Narbi Price: Like many other artists, I was unable to use my studio during the lockdown and I had to think of a way to make work in different circumstances. Downsizing was the first step, to a size that I could work to at home, and I started to think about drawing and painting as work, as labour. I’ve spoken elsewhere about the seismic dynamic shift that Matthew Burrows’ ArtistSupportPledge initiative has had on how a certain price point of work is conceived, produced and collected, but it was very much with this in mind that I produced these smaller works. I came up with a logic system – how could I produce work at the £200 price point without compromising the integrity of the value of previously collected work? The notion of making work as a job of work became key – I decided that I would spend no more than a day on any one piece, thinking about a day rate for a visiting artist in a HEI for instance. In this way the idea of ‘work as work’ became important, not only in the pricing but also in the approach to the making. I had noticed several friends posting photos online of public benches wrapped in red & white barrier tape, to prevent them from being used, people also started to send them to me, telling that they looked like something I’d paint. And they did. So I did.

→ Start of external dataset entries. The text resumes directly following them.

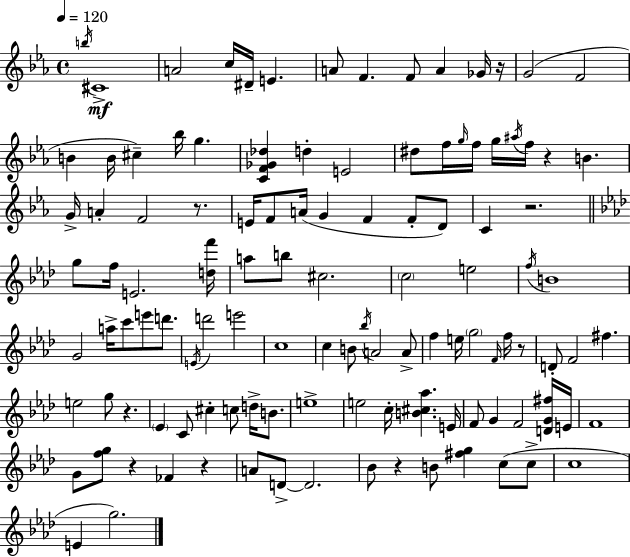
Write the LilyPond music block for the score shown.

{
  \clef treble
  \time 4/4
  \defaultTimeSignature
  \key c \minor
  \tempo 4 = 120
  \acciaccatura { b''16 }\mf cis'1-> | a'2 c''16 dis'16-- e'4. | a'8 f'4. f'8 a'4 ges'16 | r16 g'2( f'2 | \break b'4 b'16 cis''4--) bes''16 g''4. | <c' f' ges' des''>4 d''4-. e'2 | dis''8 f''16 \grace { g''16 } f''16 g''16 \acciaccatura { ais''16 } f''16 r4 b'4. | g'16-> a'4-. f'2 | \break r8. e'16 f'8 a'16( g'4 f'4 f'8-. | d'8) c'4 r2. | \bar "||" \break \key f \minor g''8 f''16 e'2. <d'' f'''>16 | a''8 b''8 cis''2. | \parenthesize c''2 e''2 | \acciaccatura { f''16 } b'1 | \break g'2 a''16-> c'''8 e'''8 d'''8. | \acciaccatura { e'16 } d'''2 e'''2 | c''1 | c''4 b'8 \acciaccatura { bes''16 } a'2 | \break a'8-> f''4 e''16 \parenthesize g''2 | \grace { f'16 } f''16 r8 d'8-. f'2 fis''4. | e''2 g''8 r4. | \parenthesize ees'4 c'8 cis''4-. c''8 | \break d''16-> b'8. e''1-> | e''2 c''16-. <b' cis'' aes''>4. | e'16 f'8 g'4 f'2 | <d' g' fis''>16 e'16 f'1 | \break g'8 <f'' g''>8 r4 fes'4 | r4 a'8 d'8->~~ d'2. | bes'8 r4 b'8 <fis'' g''>4 | c''8( c''8-> c''1 | \break e'4 g''2.) | \bar "|."
}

The paintings really struck a chord with a lot of people and all sold within minutes of posting on social media. People then started saying that I should do a book of them, and they were right again! I crowdfunded the production of a publication with 40 paintings, accompanied by a new essay by the writer, broadcaster and filmmaker Michael Smith. Narbi Price: The Lockdown Paintings is available from my website, Waterstones and Foyles. CBP mailing list subscribers can use the discount code CBP50SEP for 50% off for a limited time when ordering directly from https://www.narbiprice.co.uk/product-page/narbi-price-the-lockdown-paintings.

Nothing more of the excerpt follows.